An exact copy of the listing below is required, minus its pictures.

Information provided
####################

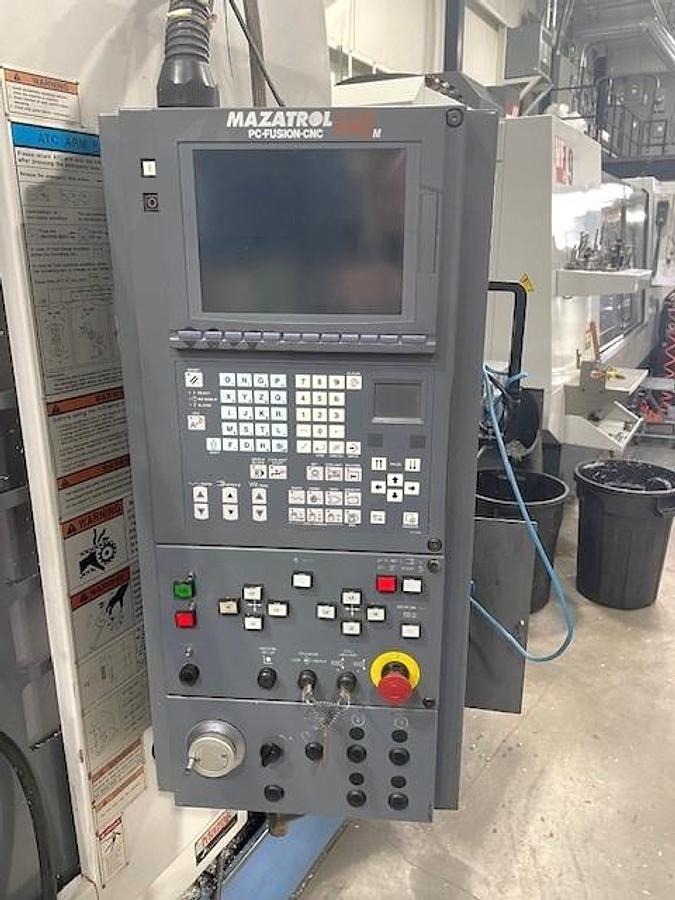 Used 2000 Mazak VTC200B with Chip Conveyor, 30 Station Side Mounted Tool Changer, Very Nice Condition, Located in Ontario, Canada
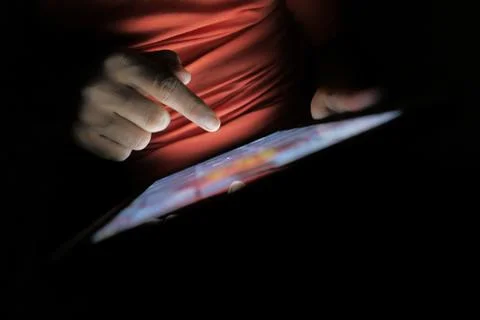Hand presses on screen digital tablet, close up Stock Photos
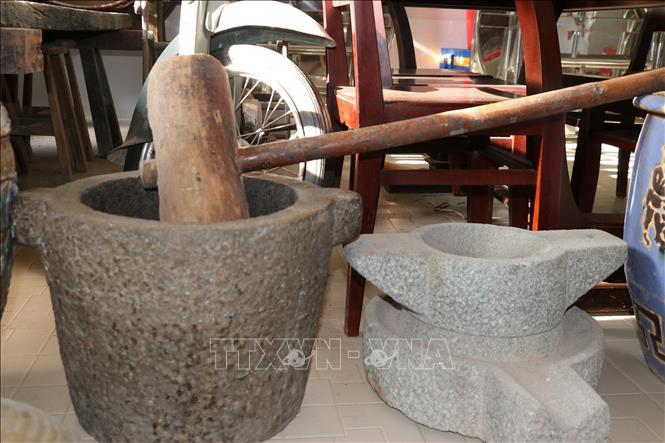Cối cùng chày giã gạo (trái) và cối xay bột (phải) được lưu trữ tại nhà ông Cao Tấn Hiệu. Ảnh: Hữu Chí - TTXVN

####################

Exercise result
 Used 2000 Mazak VTC200B with Chip Conveyor, 30 Station Side Mounted Tool Changer, Very Nice Condition, Located in Ontario, Canada
Hand presses on screen digital tablet, close up Stock Photos
Cối cùng chày giã gạo (trái) và cối xay bột (phải) được lưu trữ tại nhà ông Cao Tấn Hiệu. Ảnh: Hữu Chí - TTXVN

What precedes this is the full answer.